Está feito. Queiroz é o novo seleccionador nacional. O antigo adjunto do United desde cedo reuniu as preferências da FPF, Gilberto Madaíl, imprensa e do comentador comum. Com toda essa unanimidade, foi fácil para Madaíl avançar para Queiroz.

Porém, o facto é que esta é a escolha mais fácil. Era o treinador que ‘todos’ queriam, por isso Madaíl o trouxe. Mas, não revela essa decisão um grande faro por parte do presidente. Mais, demonstra apenas que o presidente da FPF quis agradar à maioria. Ou seja, esta não é a escolha dele, é a escolha de todos.

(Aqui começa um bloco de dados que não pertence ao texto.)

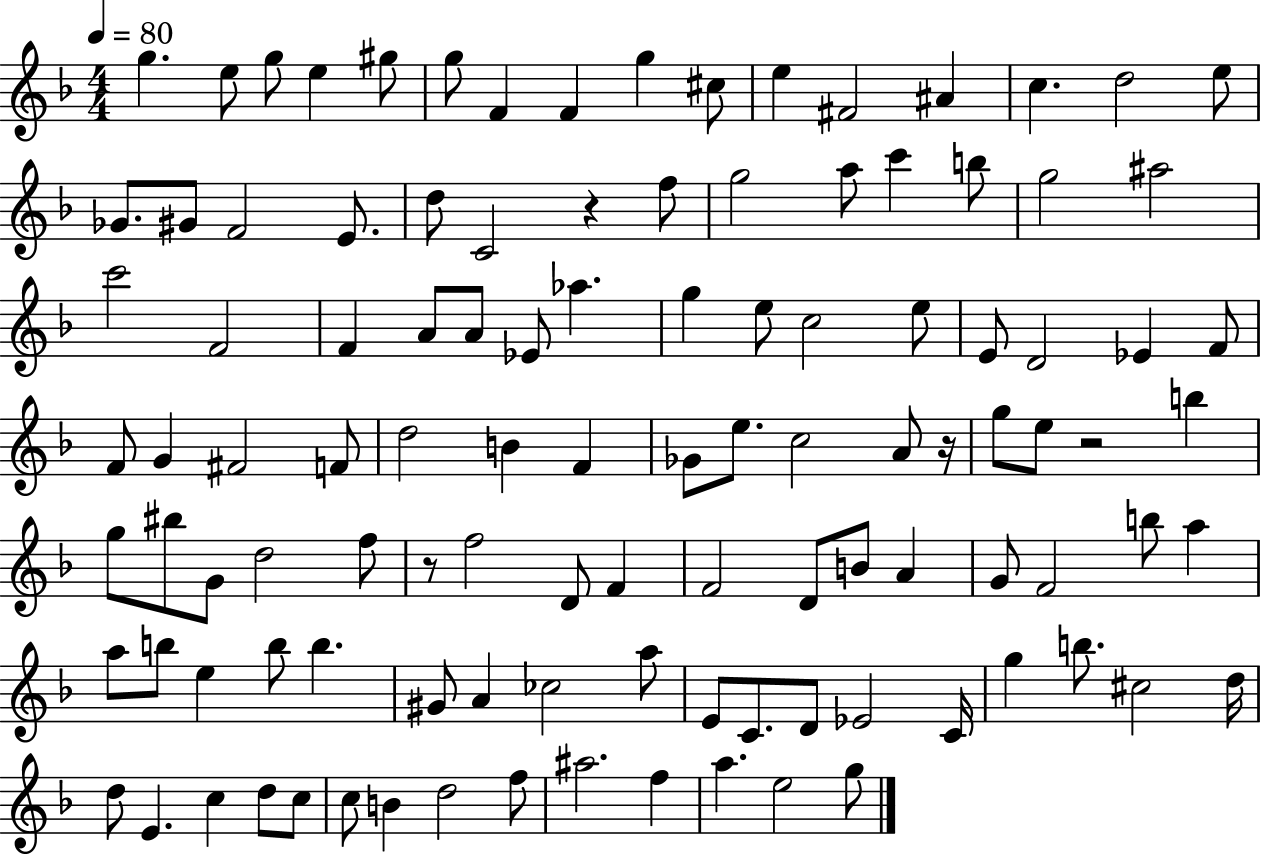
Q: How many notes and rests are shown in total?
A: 110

Tal como Scolari também era uma escolha consensual. Para não inventar, porque não conhece o mercado, Madaíl preferiu ir pelo seguro. Aliás, a única solução de risco foi Humberto Coelho, e não se deu nada mal. Até António Oliveira foi um regresso ao passado. Tal como é este de Queiroz. 

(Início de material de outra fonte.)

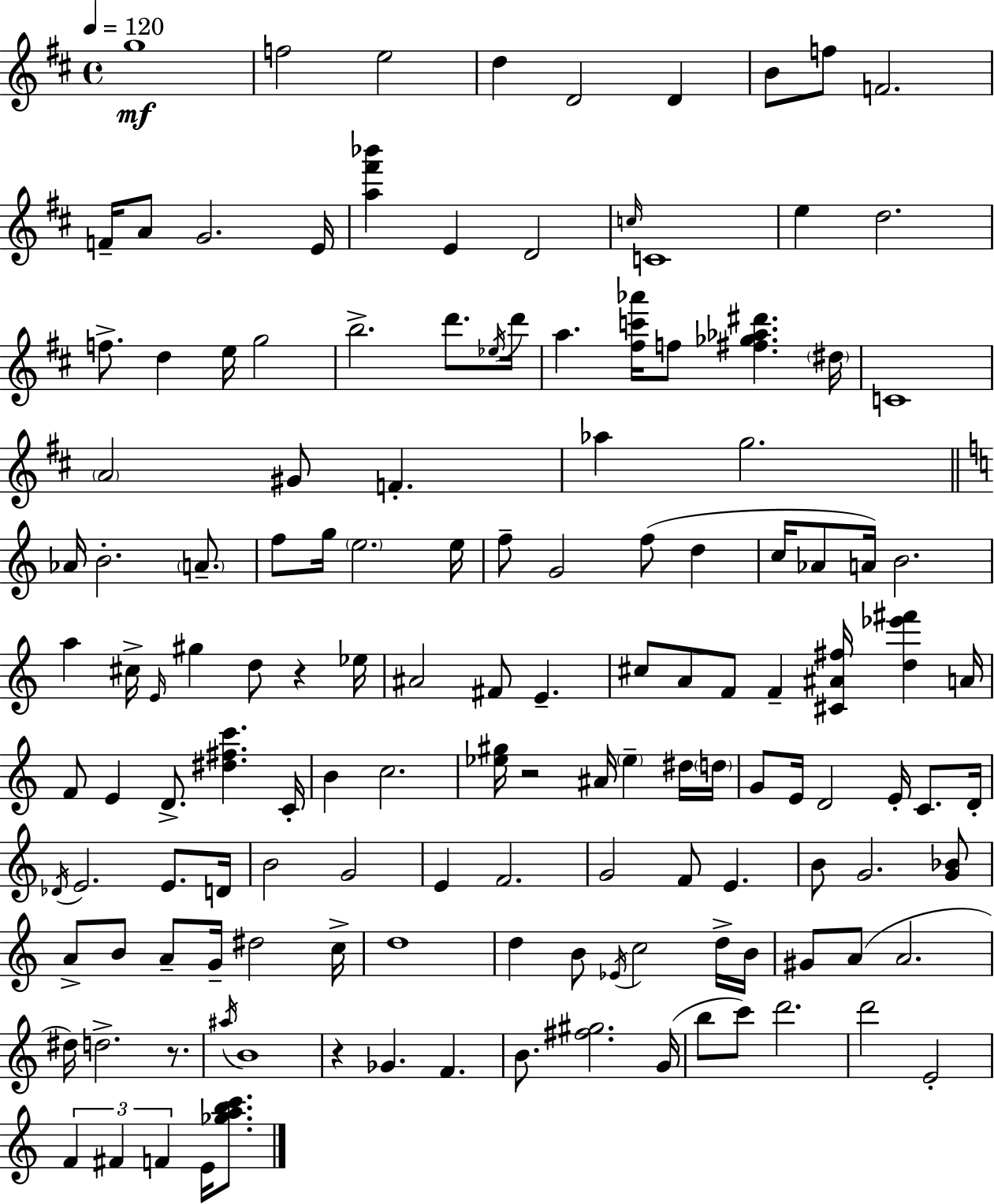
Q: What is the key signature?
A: D major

Vejo alguns problemas deste retorno. Primeiro, será que a ‘porcaria’ que precisava de ser varrida da FPF em 1994 foi, efectivamente, expurgada? Isto porque muitas das pessoas que faziam parte da FPF nessa altura ainda estão lá. Gilberto Madaíl é das poucas ‘caras novas’.

Depois, porque, em termos concretos, Queiroz não ganhou muita coisa. Sim, foi bi-campeão do Mundo de juniores, mas entre os grandes apenas ganhou uma Taça no Sporting e uma Supertaça no Real Madrid. Aliás, a sua incapacidade para controlar o balneário madrileno foi uma das razões para o seu rápido afastamento do clube e para o insucesso de toda a experiência espanhola.

Em Old Trafford foi um valioso braço direito de Ferguson, um auxiliar indispensável na hora de gerir a equipa em campo. Todavia, nunca teve de dar o peito às balas. O chefe de equipa era Ferguson e todos o sabiam.

Resta saber se depois de mais uma decisão limpa de Madaíl – que não gosta de contrariar muita gente, e talvez por isso se mantenha há tanto tempo no poder – Queiroz está mais maduro e capaz de, não só, levar a equipa ao próximo Mundial e Europeu, como trazer conquistas para Portugal. Para já, conseguiu o contrato de 4 anos e a responsabilidade de planificar o futebol jovem. Vamos ver como corre.

O último D. Sebastião do futebol português não teve um regresso nada auspicioso – falo de Camacho e o retorno ao Benfica. Queiroz, tal como esse, também não ganhou nada da primeira vez. Perdoam-lhe se falhar outra vez? Mais, recebê-lo-ão de novo em Manchester?